Whangatoetoe Bay

This bay is named after the native grass, toetoe, Cortaderia spp. The grass has long leaves with a fine edge and saw-like teeth. Its flowers are white, feathery, arching plumes. Toetoe grows on sand dunes and cliff faces, along streams and swamp edges.

The stems of the toetoe were used by Māori for tukutuku panels, sections of wall panel containing ornamental lattice-work. Tuktuku panels are used between carvings around the walls of meeting houses. The grass was also used as roof thatch on whare or buildings.

The bay is also referred to as Bell Cove on nautical charts.

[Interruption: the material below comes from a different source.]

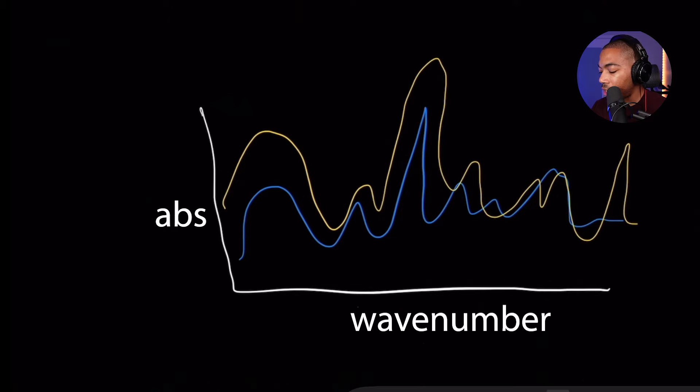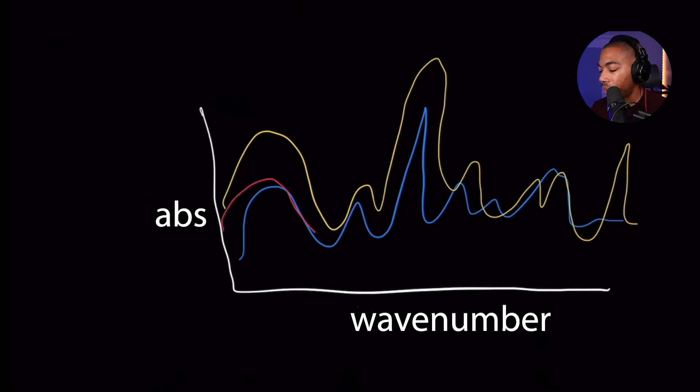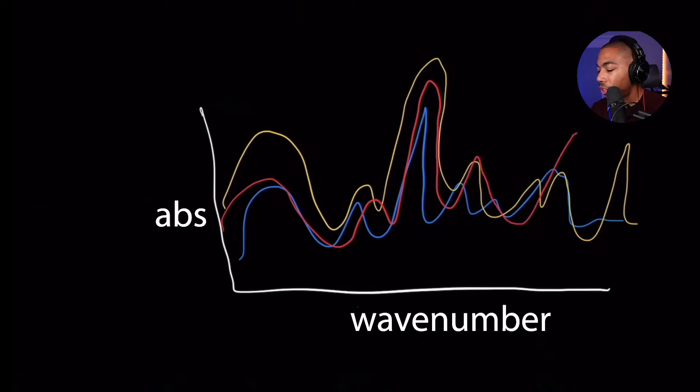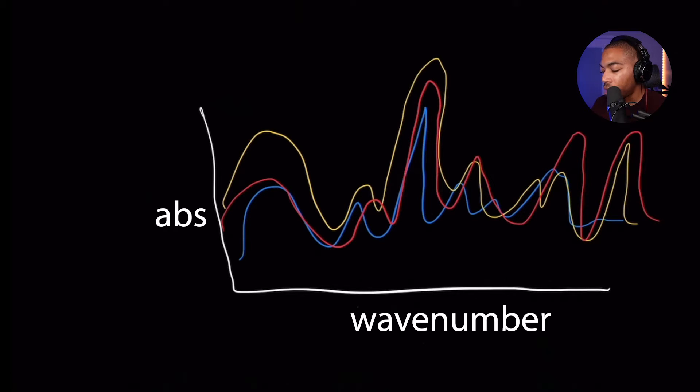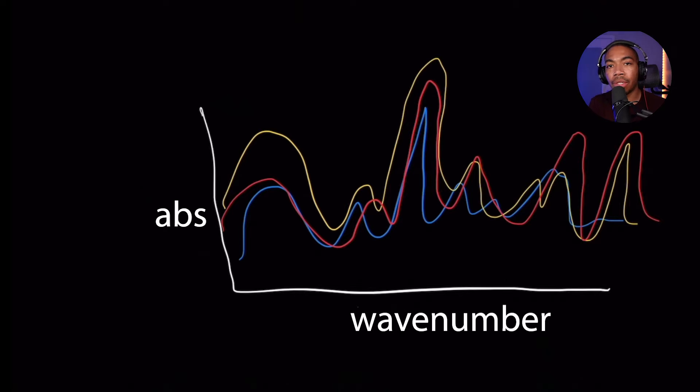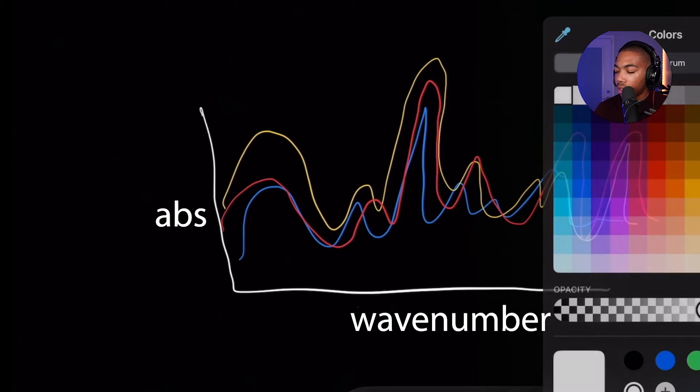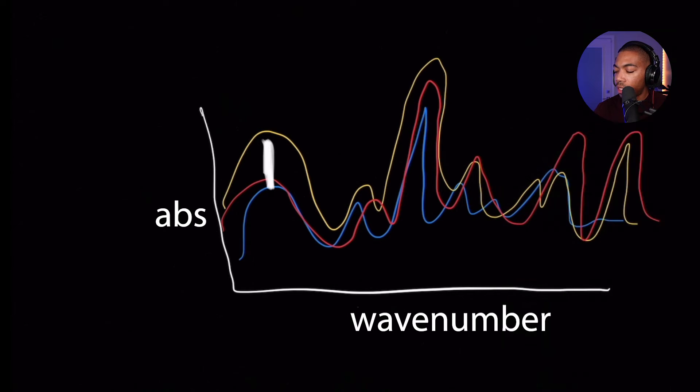And let's say we have an additional trace in red that maybe is somewhere between them. And we're not quite sure which of these differences are due to the sample and which of these differences might be due to other artifacts.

The bay was home to well-known Port Underwood residents Jerome Flood and May Ann Register (née Sherwood). The couple married in 1848.1

That same year saw the schooner, Bee, land the south island’s first merino sheep in the bay. The sheep were imported from Australia for cousins Charles Clifford and Frederick Weld. These sheep became the foundation of the Marlborough flock which grew to number more than one million.2

In 1871 the timber ketch Angelina broke apart in the bay under command of Captain Payne.3

 

1. James R Eyles, Place Names of Port Underwood: a Post European History (Picton, River Press, 2002), 51.

2. Joy Stephens, ‘Early Pastoralism in Marlborough’, the Prow, accessed, March 21, 2019, http://www.theprow.org.nz/enterprise/early-pastoralism-in-marlborough/#.XJLwLygzbIU .

3. Loreen Brehaut, the Bays of Port Underwood (Picton: Picton Historical Society, 2012), 15.